10.1101/2021.09.18.460926 ◽

2021 ◽

Author(s):

Phillip Davis ◽

Joseph A Russell

Keyword(s):

Rna Viruses ◽

Rna Virus ◽

Human Pathogens ◽

Sequencing Data ◽

Genome Sequences ◽

Modeling Framework ◽

Strong Argument ◽

Genomic Epidemiology ◽

Phenotype Model ◽

Level Information

Leveraging prior viral genome sequencing data to make predictions on whether an unknown, emergent virus harbors a phenotype-of-concern has been a long-sought goal of genomic epidemiology. A predictive phenotype model built from nucleotide-level information alone has previously been considered un-tenable with respect to RNA viruses due to the ultra-high intra-sequence variance of their genomes, even within closely related clades. Building from our prior work developing a degenerate k-mer method to accommodate this high intra-sequence variation of RNA virus genomes for modeling frameworks, and leveraging a taxonomic group-shuffle-split paradigm on complete coronavirus assemblies from prior to October 2018, we trained multiple regularized logistic regression classifiers at the nucleotide k-mer level capable of accurately predicting withheld SARS-CoV-2 genome sequences as human pathogens and accurately predicting withheld Swine Acute Diarrhea Syndrome coronavirus (SADS-CoV) genome sequences as non-human pathogens. LASSO feature selection identified several degenerate nucleotide predictor motifs with high model coefficients for the human pathogen class that were present across widely disparate classes of coronaviruses. However, these motifs differed in which genes they were present in, what specific codons were used to encode them, and what the translated amino acid motif was.
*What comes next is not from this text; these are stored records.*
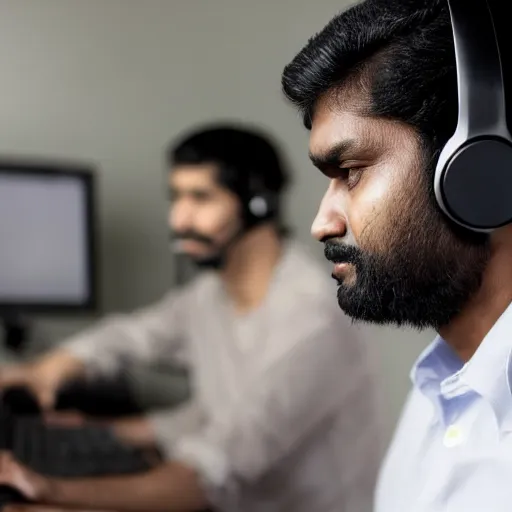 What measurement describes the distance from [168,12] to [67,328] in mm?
708

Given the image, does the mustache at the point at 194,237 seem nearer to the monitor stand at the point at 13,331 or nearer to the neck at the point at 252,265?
the neck at the point at 252,265

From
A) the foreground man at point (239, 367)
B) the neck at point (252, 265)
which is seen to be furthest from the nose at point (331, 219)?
the neck at point (252, 265)

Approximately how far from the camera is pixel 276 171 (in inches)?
56.0

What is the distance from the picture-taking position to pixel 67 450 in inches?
44.3

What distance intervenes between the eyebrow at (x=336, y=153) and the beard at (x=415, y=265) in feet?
0.15

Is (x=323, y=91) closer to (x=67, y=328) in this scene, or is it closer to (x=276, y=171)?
(x=276, y=171)

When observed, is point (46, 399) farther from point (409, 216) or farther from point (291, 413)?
point (409, 216)

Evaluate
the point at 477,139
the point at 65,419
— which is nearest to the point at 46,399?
the point at 65,419

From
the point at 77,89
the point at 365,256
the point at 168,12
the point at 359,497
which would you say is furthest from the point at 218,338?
the point at 365,256

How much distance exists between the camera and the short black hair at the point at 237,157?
1.39 meters

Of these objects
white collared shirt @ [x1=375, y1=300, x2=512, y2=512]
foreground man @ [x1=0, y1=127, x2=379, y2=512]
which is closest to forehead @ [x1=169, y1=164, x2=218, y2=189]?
foreground man @ [x1=0, y1=127, x2=379, y2=512]

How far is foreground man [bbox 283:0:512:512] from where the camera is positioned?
1.63 ft

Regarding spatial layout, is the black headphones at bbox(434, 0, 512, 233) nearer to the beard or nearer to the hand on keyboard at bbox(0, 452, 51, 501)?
the beard

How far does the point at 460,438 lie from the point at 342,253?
0.14 meters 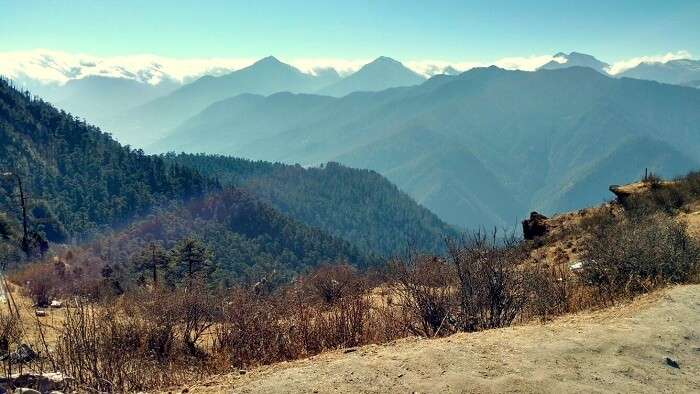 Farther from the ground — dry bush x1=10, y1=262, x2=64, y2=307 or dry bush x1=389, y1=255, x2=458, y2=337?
dry bush x1=389, y1=255, x2=458, y2=337

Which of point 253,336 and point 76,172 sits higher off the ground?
point 76,172

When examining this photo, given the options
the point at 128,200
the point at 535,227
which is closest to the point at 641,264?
the point at 535,227

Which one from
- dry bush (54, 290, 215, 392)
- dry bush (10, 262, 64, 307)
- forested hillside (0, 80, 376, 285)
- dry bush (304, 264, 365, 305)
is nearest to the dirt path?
dry bush (54, 290, 215, 392)

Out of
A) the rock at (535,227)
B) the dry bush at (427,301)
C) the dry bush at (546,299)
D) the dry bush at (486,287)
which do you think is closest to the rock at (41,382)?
the dry bush at (427,301)

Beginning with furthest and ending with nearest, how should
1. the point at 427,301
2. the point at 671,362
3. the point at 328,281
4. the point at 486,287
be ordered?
the point at 328,281 → the point at 486,287 → the point at 427,301 → the point at 671,362

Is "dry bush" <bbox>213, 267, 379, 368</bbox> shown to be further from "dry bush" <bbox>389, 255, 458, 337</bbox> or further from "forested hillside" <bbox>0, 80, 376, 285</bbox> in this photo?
"forested hillside" <bbox>0, 80, 376, 285</bbox>

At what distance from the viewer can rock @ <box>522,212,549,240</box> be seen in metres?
27.7

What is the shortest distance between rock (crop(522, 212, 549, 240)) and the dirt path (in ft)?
62.4

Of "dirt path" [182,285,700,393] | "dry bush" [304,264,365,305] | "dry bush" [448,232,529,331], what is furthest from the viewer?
"dry bush" [304,264,365,305]

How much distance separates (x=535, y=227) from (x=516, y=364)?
73.8 ft

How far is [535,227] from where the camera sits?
92.6 feet

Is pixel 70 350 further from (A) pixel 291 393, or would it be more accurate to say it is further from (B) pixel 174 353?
(A) pixel 291 393

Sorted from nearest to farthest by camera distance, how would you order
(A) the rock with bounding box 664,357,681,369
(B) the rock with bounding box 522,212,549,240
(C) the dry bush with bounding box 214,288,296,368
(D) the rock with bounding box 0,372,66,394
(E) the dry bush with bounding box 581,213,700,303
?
1. (D) the rock with bounding box 0,372,66,394
2. (A) the rock with bounding box 664,357,681,369
3. (C) the dry bush with bounding box 214,288,296,368
4. (E) the dry bush with bounding box 581,213,700,303
5. (B) the rock with bounding box 522,212,549,240

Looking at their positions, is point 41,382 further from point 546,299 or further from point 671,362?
point 546,299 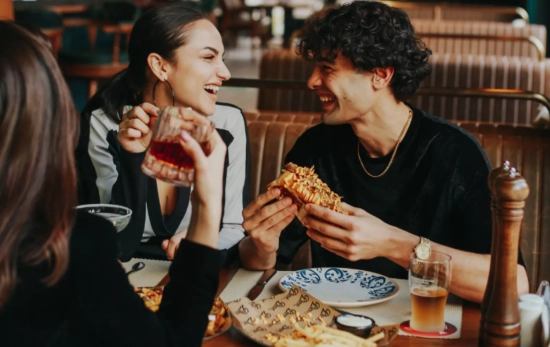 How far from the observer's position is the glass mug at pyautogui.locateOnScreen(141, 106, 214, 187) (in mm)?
1360

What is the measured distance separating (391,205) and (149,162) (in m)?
1.02

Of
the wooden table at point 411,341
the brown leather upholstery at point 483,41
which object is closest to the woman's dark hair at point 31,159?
the wooden table at point 411,341

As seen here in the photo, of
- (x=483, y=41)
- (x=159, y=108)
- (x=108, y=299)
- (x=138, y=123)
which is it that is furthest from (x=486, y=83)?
(x=108, y=299)

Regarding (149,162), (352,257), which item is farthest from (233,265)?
(149,162)

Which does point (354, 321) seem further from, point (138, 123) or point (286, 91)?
point (286, 91)

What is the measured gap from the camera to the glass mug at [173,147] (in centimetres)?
136

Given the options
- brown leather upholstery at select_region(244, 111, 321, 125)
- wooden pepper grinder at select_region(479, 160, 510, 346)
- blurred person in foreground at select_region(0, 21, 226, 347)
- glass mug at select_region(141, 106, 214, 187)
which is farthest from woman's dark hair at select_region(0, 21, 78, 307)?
brown leather upholstery at select_region(244, 111, 321, 125)

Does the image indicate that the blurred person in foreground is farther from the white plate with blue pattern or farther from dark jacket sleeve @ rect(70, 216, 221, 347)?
the white plate with blue pattern

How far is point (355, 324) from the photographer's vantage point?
158 cm

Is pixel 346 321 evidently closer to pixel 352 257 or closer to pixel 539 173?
pixel 352 257

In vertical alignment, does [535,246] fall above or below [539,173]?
below

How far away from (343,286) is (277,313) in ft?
1.04

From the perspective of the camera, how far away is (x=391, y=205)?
2.29 metres

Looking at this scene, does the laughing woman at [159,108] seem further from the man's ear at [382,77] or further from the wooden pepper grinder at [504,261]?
the wooden pepper grinder at [504,261] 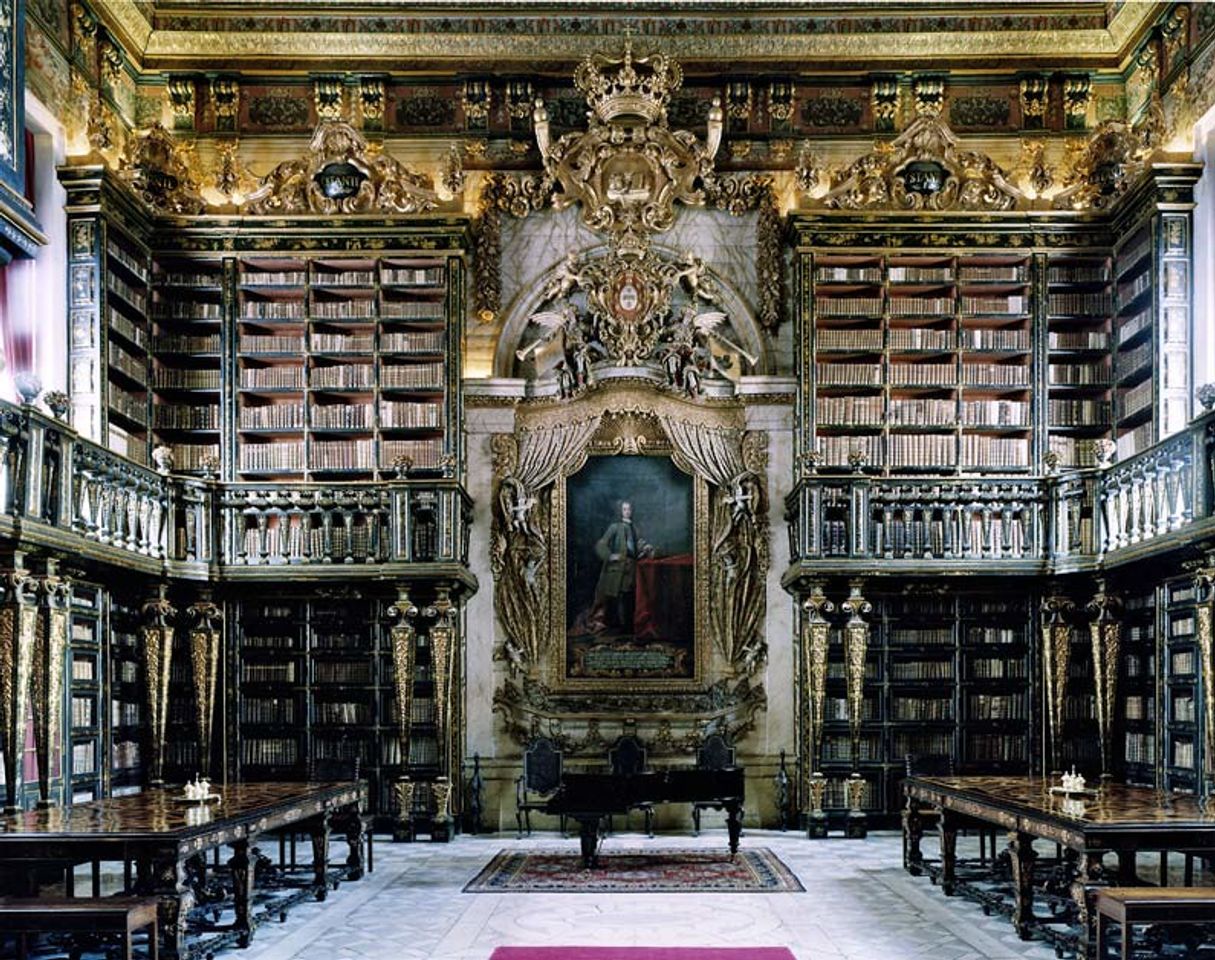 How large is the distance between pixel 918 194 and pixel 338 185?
214 inches

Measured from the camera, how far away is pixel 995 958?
7.66m

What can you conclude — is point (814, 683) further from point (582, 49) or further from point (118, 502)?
point (582, 49)

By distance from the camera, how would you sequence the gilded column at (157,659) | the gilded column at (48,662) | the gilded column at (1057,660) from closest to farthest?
the gilded column at (48,662)
the gilded column at (157,659)
the gilded column at (1057,660)

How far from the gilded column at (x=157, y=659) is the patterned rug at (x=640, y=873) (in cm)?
300

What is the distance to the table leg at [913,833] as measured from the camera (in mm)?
10914

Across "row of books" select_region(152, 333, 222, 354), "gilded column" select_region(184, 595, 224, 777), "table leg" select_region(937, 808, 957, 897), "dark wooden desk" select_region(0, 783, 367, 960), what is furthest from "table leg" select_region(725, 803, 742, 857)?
"row of books" select_region(152, 333, 222, 354)

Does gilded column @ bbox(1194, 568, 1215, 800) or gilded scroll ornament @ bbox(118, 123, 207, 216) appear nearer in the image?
gilded column @ bbox(1194, 568, 1215, 800)

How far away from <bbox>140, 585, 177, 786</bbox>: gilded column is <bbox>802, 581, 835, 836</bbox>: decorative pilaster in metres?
5.43

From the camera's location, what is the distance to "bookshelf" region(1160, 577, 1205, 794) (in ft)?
39.4

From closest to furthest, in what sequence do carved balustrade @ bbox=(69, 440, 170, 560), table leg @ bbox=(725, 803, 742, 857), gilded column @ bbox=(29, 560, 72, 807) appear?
gilded column @ bbox=(29, 560, 72, 807)
carved balustrade @ bbox=(69, 440, 170, 560)
table leg @ bbox=(725, 803, 742, 857)

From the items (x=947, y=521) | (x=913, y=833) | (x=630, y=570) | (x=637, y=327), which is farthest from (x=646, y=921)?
(x=637, y=327)

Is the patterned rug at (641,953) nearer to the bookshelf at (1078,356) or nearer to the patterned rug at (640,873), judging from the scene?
the patterned rug at (640,873)

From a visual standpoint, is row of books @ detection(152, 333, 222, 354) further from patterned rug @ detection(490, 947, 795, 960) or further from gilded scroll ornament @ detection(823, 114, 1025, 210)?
patterned rug @ detection(490, 947, 795, 960)

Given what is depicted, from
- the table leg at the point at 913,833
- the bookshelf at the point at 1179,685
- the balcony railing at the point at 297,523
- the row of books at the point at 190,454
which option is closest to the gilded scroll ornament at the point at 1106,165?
the bookshelf at the point at 1179,685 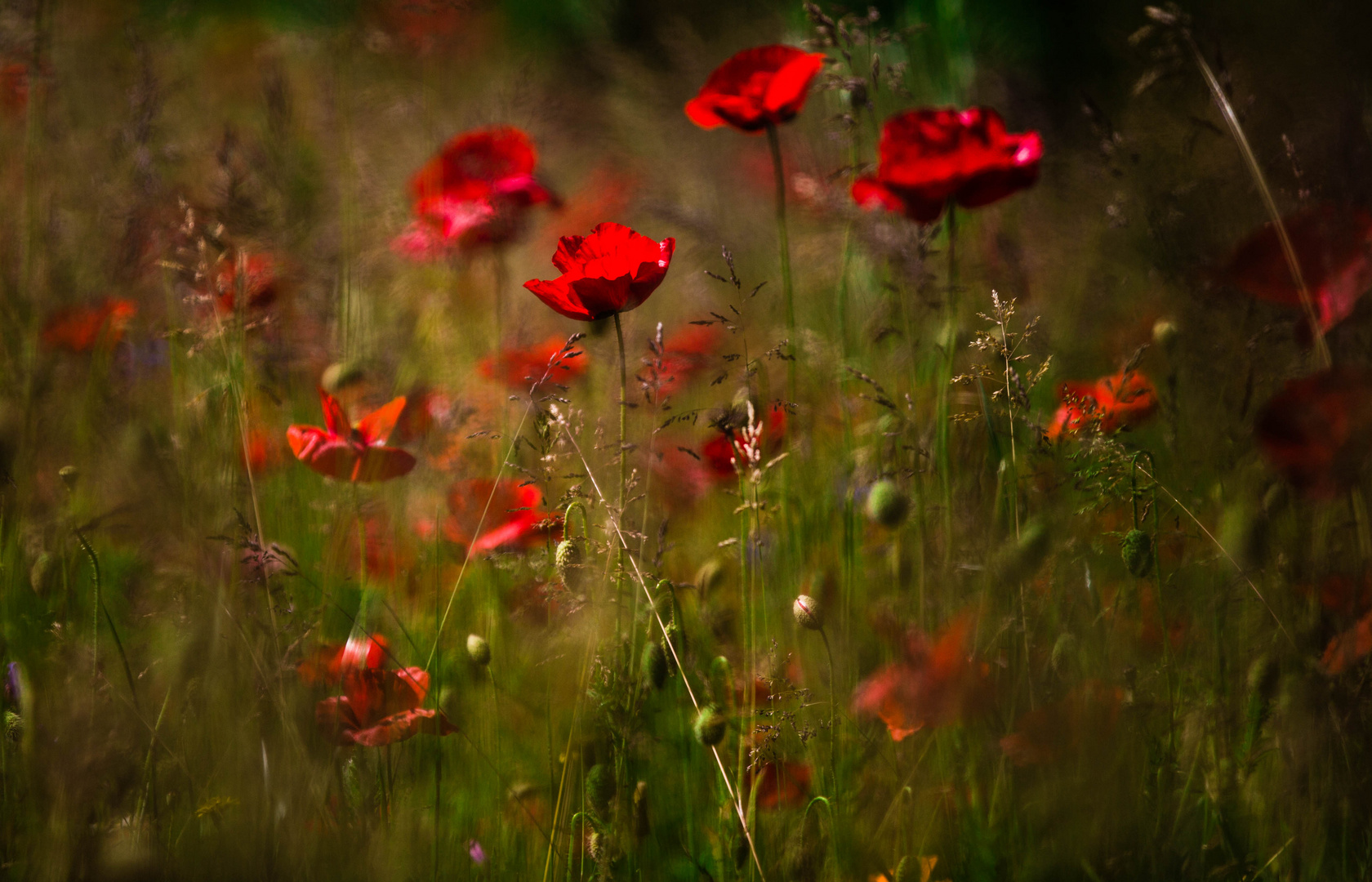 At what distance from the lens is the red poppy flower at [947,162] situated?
1.03 metres

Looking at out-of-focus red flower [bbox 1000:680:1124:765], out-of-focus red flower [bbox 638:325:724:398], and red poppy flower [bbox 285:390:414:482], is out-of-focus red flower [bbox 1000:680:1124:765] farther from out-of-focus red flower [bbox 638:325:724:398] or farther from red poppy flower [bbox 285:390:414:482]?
red poppy flower [bbox 285:390:414:482]

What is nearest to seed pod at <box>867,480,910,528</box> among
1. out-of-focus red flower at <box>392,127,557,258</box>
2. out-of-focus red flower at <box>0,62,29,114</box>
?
out-of-focus red flower at <box>392,127,557,258</box>

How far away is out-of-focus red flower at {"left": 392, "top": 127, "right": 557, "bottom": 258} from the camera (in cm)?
133

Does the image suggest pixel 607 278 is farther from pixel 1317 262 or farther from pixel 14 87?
pixel 14 87

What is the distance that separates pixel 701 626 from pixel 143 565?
0.67 metres

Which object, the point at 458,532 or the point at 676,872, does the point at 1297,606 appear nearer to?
the point at 676,872

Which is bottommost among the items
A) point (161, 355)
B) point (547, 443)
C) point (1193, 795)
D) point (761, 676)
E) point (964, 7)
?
point (161, 355)

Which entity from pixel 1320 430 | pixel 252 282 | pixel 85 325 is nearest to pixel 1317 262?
pixel 1320 430

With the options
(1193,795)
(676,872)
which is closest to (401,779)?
(676,872)

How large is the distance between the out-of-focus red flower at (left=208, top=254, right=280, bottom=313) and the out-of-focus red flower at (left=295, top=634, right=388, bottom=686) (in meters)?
0.49

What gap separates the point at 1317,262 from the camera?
2.98 ft

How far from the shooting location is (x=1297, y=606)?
86 cm

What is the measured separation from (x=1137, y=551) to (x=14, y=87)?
1854 mm

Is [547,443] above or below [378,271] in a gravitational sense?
above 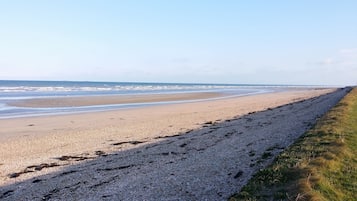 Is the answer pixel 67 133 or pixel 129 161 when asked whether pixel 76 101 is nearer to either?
pixel 67 133

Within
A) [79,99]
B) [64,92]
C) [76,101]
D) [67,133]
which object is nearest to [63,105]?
[76,101]

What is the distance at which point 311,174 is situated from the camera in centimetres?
739

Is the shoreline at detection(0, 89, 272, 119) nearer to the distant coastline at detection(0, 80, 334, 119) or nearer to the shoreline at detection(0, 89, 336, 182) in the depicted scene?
the distant coastline at detection(0, 80, 334, 119)

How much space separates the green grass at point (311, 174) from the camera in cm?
658

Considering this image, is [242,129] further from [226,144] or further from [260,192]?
[260,192]

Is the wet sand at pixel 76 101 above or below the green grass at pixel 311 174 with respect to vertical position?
below

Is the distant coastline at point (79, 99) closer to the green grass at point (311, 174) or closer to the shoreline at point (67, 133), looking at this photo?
the shoreline at point (67, 133)

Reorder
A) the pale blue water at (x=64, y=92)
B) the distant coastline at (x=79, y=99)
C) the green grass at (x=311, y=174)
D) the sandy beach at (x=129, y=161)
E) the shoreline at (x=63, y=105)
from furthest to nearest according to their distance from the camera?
the distant coastline at (x=79, y=99), the pale blue water at (x=64, y=92), the shoreline at (x=63, y=105), the sandy beach at (x=129, y=161), the green grass at (x=311, y=174)

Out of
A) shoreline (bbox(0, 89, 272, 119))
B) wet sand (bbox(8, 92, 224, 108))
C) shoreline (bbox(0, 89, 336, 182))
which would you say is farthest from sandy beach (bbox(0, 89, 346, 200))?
wet sand (bbox(8, 92, 224, 108))

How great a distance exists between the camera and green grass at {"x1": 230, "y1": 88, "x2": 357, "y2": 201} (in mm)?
6578

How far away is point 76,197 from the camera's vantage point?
8977 mm

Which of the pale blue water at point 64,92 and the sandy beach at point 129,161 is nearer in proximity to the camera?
the sandy beach at point 129,161

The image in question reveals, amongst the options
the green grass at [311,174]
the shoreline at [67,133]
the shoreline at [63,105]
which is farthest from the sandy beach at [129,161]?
the shoreline at [63,105]

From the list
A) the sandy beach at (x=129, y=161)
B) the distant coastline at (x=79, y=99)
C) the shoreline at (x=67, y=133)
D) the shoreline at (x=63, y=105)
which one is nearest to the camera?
the sandy beach at (x=129, y=161) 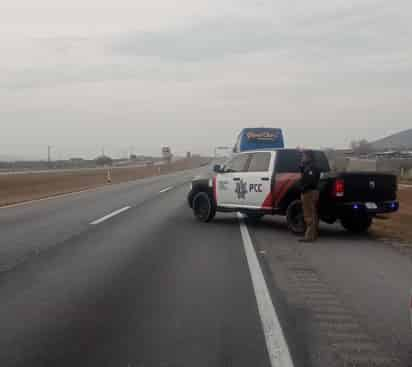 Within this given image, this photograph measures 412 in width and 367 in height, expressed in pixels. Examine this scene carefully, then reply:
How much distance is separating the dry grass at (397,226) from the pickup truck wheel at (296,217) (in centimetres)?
182

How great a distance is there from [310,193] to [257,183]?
206 cm

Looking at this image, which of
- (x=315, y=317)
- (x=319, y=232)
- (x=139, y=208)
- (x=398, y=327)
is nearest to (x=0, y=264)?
(x=315, y=317)

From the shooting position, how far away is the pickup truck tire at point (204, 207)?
581 inches

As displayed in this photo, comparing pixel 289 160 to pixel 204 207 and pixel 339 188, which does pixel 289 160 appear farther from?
pixel 204 207

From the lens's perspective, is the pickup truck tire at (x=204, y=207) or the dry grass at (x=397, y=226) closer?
the dry grass at (x=397, y=226)

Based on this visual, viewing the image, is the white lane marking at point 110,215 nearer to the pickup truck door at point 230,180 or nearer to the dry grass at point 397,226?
the pickup truck door at point 230,180

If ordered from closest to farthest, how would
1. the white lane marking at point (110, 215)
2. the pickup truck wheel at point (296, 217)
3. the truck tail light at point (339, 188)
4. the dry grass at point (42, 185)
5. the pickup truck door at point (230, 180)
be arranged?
the truck tail light at point (339, 188) → the pickup truck wheel at point (296, 217) → the pickup truck door at point (230, 180) → the white lane marking at point (110, 215) → the dry grass at point (42, 185)

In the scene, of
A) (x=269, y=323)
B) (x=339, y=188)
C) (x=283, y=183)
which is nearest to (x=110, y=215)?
(x=283, y=183)

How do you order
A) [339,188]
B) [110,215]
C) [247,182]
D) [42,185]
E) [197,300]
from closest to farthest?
[197,300], [339,188], [247,182], [110,215], [42,185]

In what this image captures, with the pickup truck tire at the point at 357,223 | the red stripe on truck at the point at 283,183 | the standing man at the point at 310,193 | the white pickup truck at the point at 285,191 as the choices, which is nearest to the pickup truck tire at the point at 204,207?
the white pickup truck at the point at 285,191

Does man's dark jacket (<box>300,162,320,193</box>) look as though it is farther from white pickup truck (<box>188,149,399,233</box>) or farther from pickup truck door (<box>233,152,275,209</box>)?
pickup truck door (<box>233,152,275,209</box>)

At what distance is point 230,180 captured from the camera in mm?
14203

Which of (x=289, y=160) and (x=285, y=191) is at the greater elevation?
(x=289, y=160)

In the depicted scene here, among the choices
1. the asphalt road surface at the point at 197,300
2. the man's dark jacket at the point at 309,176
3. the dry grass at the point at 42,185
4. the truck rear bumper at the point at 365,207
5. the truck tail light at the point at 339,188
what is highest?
the man's dark jacket at the point at 309,176
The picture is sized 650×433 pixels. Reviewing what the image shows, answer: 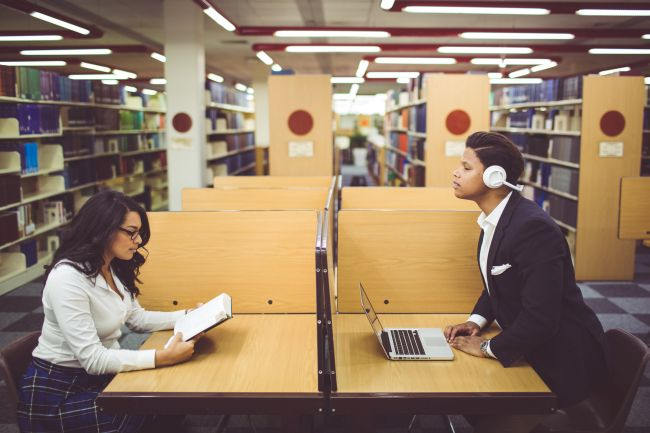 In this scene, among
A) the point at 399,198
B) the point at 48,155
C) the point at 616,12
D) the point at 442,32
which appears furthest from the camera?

This emphasizes the importance of a phenetic view of emerging pathogenic RNA viruses, as opposed to the canonical phylogenetic interpretations most-commonly used to track and manage viral zoonoses. Applying our model to more recent Orthocoronavirinae genomes deposited since October 2018 yields a novel contextual view of pathogen-potential across bat-related, canine-related, porcine-related, and rodent-related coronaviruses and critical adaptations which may have contributed to the emergence of the pandemic SARS-CoV-2 virus. Finally, we discuss the utility of these predictive models (and their associated predictor motifs) to novel biosurveillance protocols that substantially increase the pound-for-pound information content of field-collected sequencing data and make a strong argument for the necessity of routine collection and sequencing of zoonotic viruses.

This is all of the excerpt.